● **DATA TO EXAMINE**:

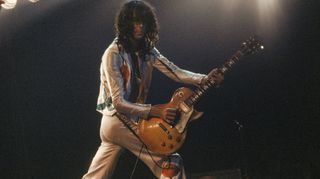 Jimmy Page performs with Led Zeppelin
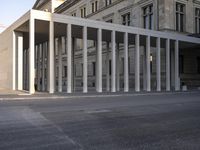 the large, empty sidewalk with multiple columns in front of the building with two signs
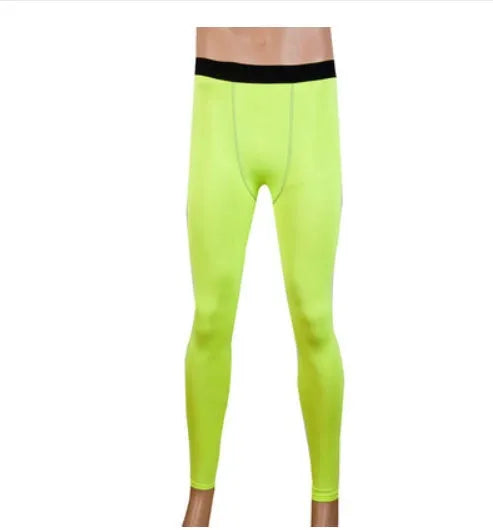 Kids sportswear set including black and green t-shirts, shorts, and trousers on a size chart.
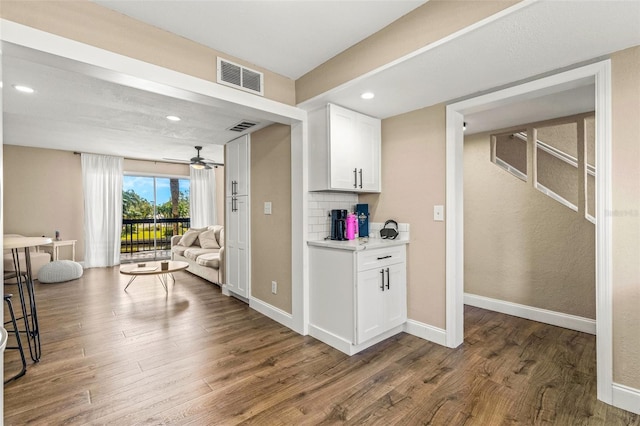 interior space with white cabinetry, ceiling fan, dark hardwood / wood-style floors, and tasteful backsplash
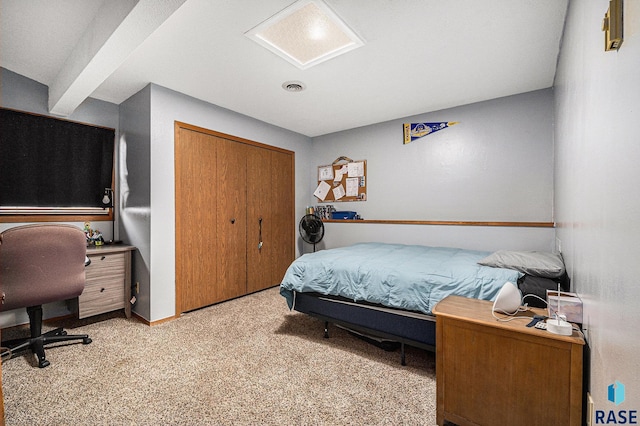 carpeted bedroom featuring a closet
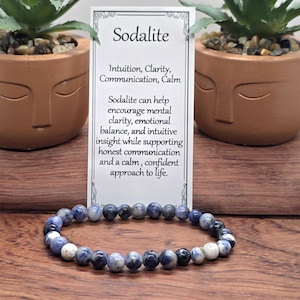 May include: A beaded bracelet made of round, polished sodalite stones in shades of blue, white, and dark grey. The bracelet is displayed in front of a white informational card titled Sodalite, which lists the properties of intuition, clarity, communication, and calm.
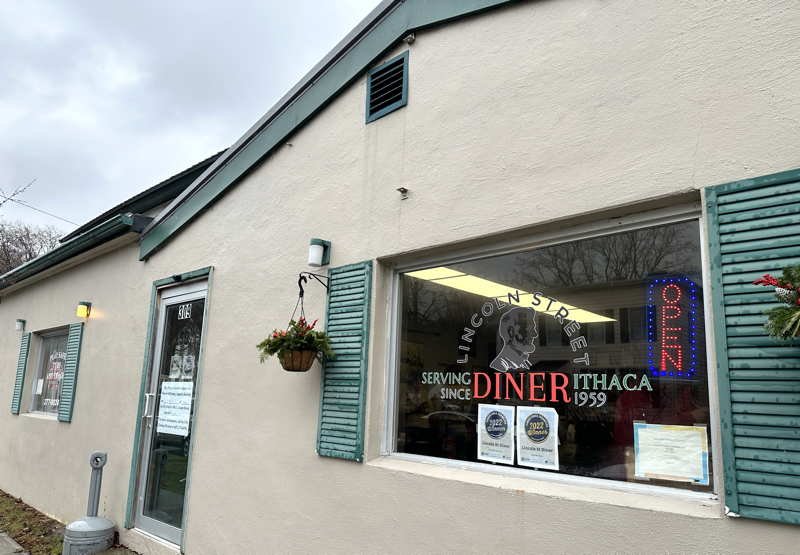 Cozy diner booths with simple tabletop settings.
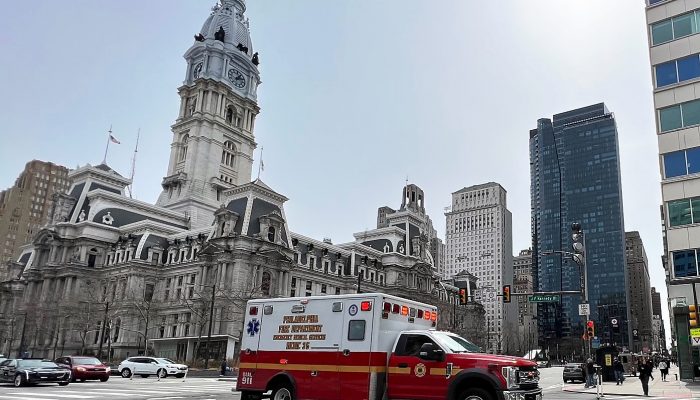philadelphia fire department ambulance driving by city hall
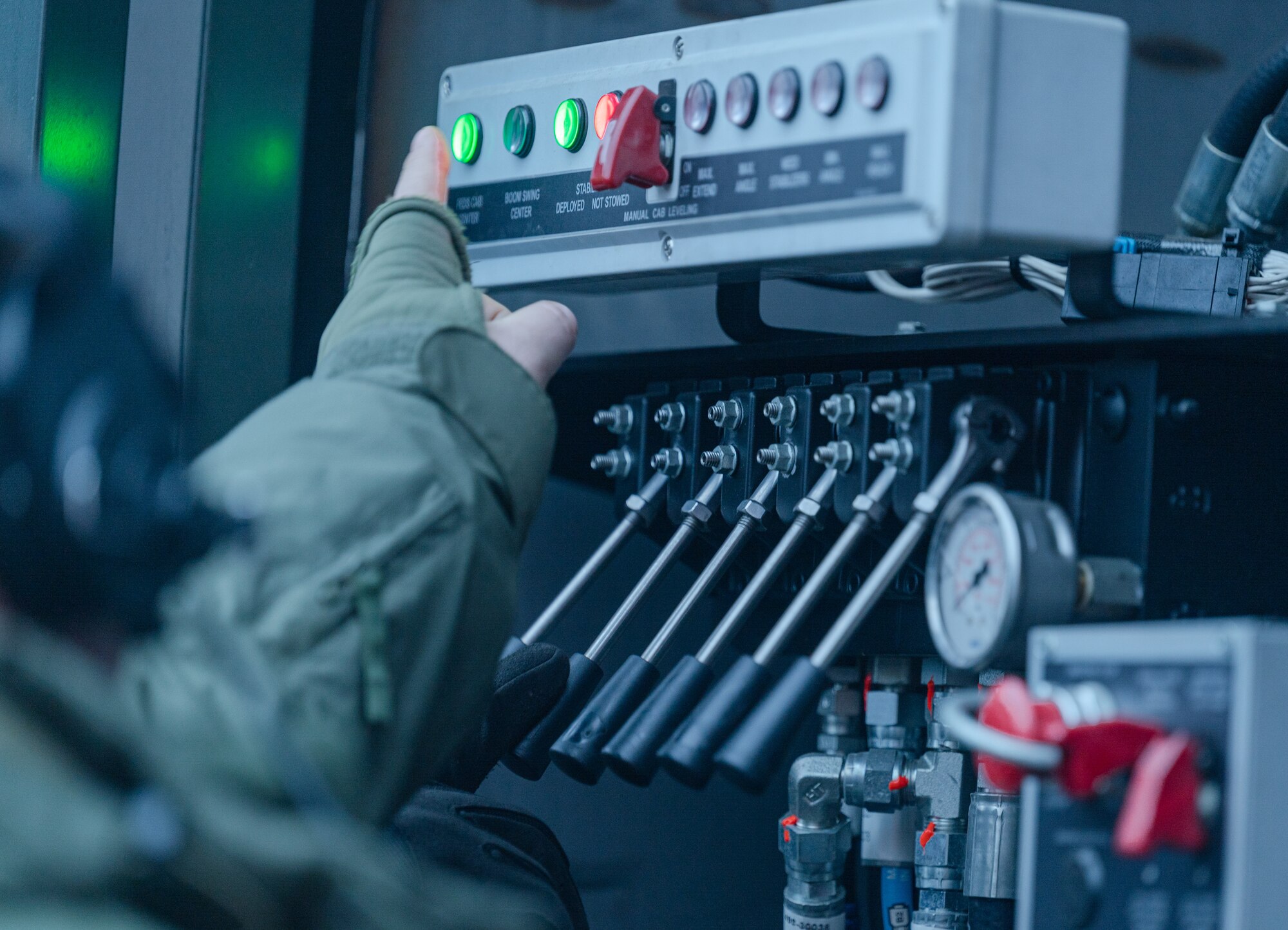 Lithuanian air force airman 1st Class Gintaras Fokas, Terminal Operations Squadron liquid section specialist, controls the emergency panel on the Global ER-2875 de-icer during emergency training on Jan. 18, 2023, at Šiauliai Air Base, Lithuania. Emergency training teaches Lithuanian airmen how to safely bring the basket of a Global ER-2875 de-icer down in an emergency situation. (U.S. Air Force photo by Airman 1st Class Edgar Grimaldo)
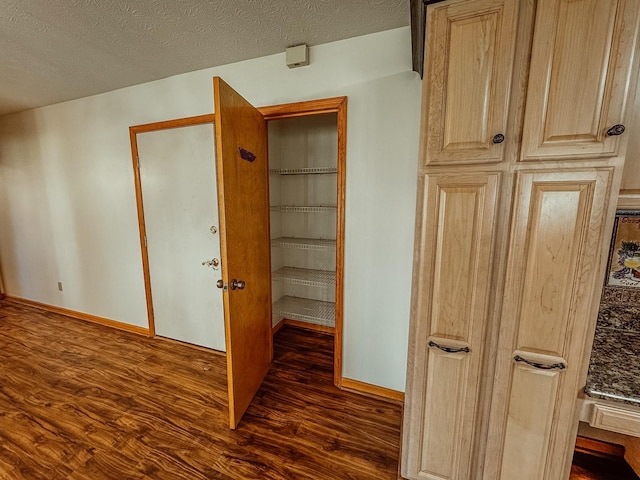 corridor with baseboards, a textured ceiling, and dark wood finished floors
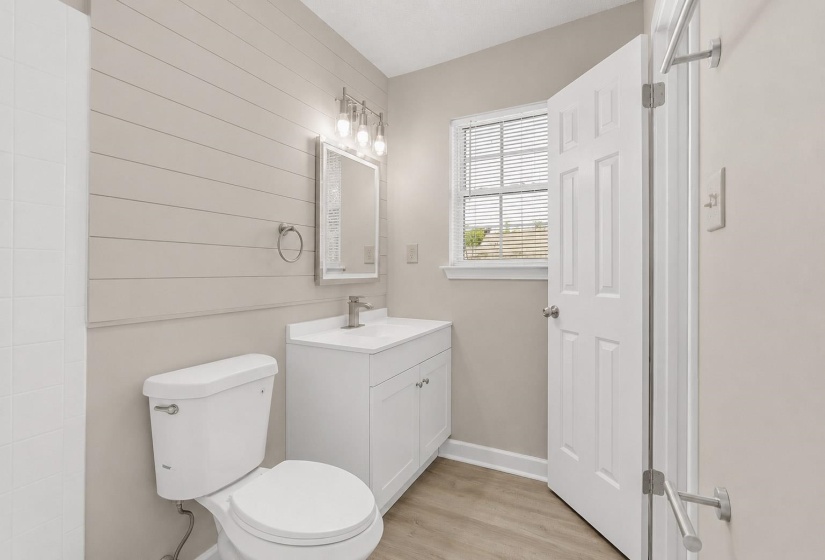Bathroom featuring a white vanity with integrated sink, brushed nickel faucet, and coordinating mirror with vanity lighting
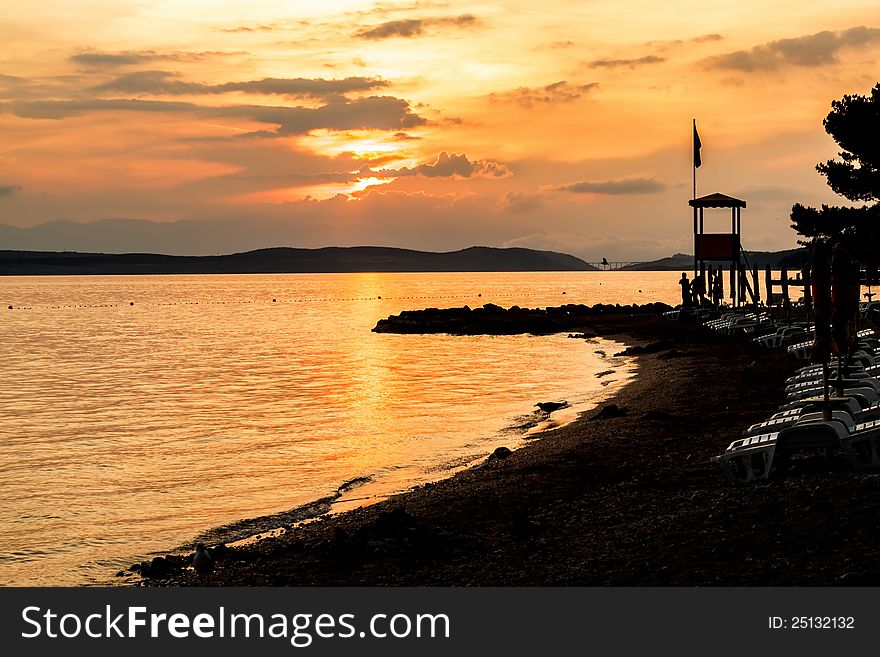 Evening sunset on beach with sun beds and guardian towers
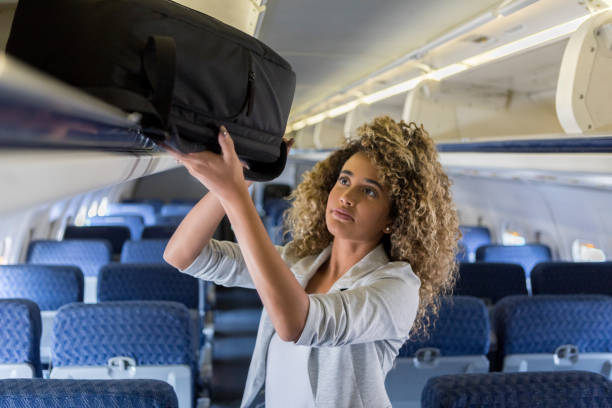 молодая женщина помещает багаж в багаж самолета - people traveling cabin baggage tourist curly hair стоковые фото и изображения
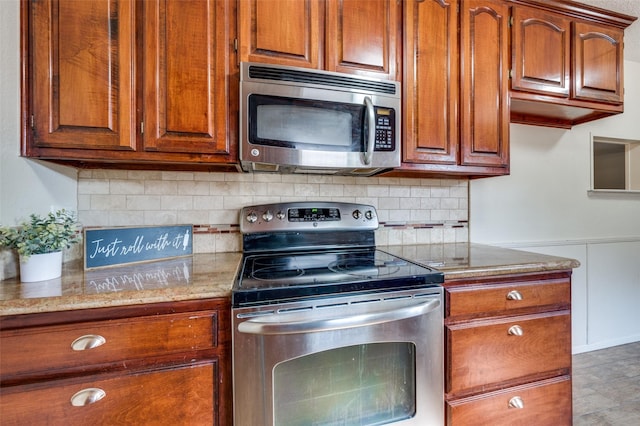 kitchen featuring light stone countertops, appliances with stainless steel finishes, brown cabinets, and backsplash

● **TASK PROMPT**:
Give back every line of the material above word for word, leaving out the pictures.

● **TASK RESULT**:
 Jimmy Page performs with Led Zeppelin
 the large, empty sidewalk with multiple columns in front of the building with two signs
 Kids sportswear set including black and green t-shirts, shorts, and trousers on a size chart.
 interior space with white cabinetry, ceiling fan, dark hardwood / wood-style floors, and tasteful backsplash
 carpeted bedroom featuring a closet
 May include: A beaded bracelet made of round, polished sodalite stones in shades of blue, white, and dark grey. The bracelet is displayed in front of a white informational card titled Sodalite, which lists the properties of intuition, clarity, communication, and calm.
 Cozy diner booths with simple tabletop settings.
philadelphia fire department ambulance driving by city hall
 Lithuanian air force airman 1st Class Gintaras Fokas, Terminal Operations Squadron liquid section specialist, controls the emergency panel on the Global ER-2875 de-icer during emergency training on Jan. 18, 2023, at Šiauliai Air Base, Lithuania. Emergency training teaches Lithuanian airmen how to safely bring the basket of a Global ER-2875 de-icer down in an emergency situation. (U.S. Air Force photo by Airman 1st Class Edgar Grimaldo)
 corridor with baseboards, a textured ceiling, and dark wood finished floors
Bathroom featuring a white vanity with integrated sink, brushed nickel faucet, and coordinating mirror with vanity lighting
 Evening sunset on beach with sun beds and guardian towers
 молодая женщина помещает багаж в багаж самолета - people traveling cabin baggage tourist curly hair стоковые фото и изображения
 kitchen featuring light stone countertops, appliances with stainless steel finishes, brown cabinets, and backsplash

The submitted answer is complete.